_YOUR ASSIGNMENT:_ No pictures belong in the copy, but every line of the material below must be reproduced exactly.

_INFORMATION SHOWN:_
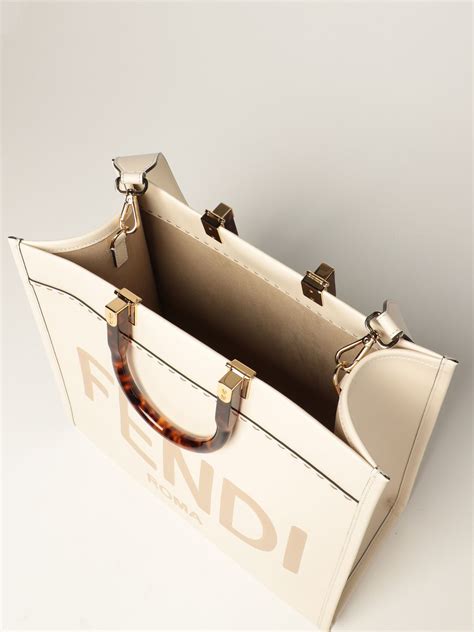 fendi cream tote|Fendi totes sale.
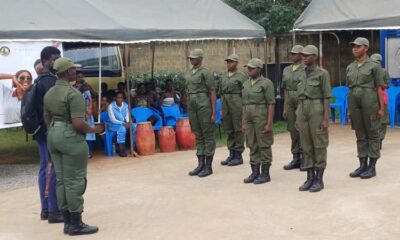 The Diaspora Girls ,SHS cadet group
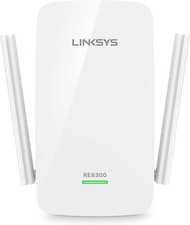 Linksys AC750 Boost Dual-Band Wi-Fi Gigabit Range Extender RE6300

_EXERCISE RESPONSE:_
 fendi cream tote|Fendi totes sale.
 The Diaspora Girls ,SHS cadet group
 Linksys AC750 Boost Dual-Band Wi-Fi Gigabit Range Extender RE6300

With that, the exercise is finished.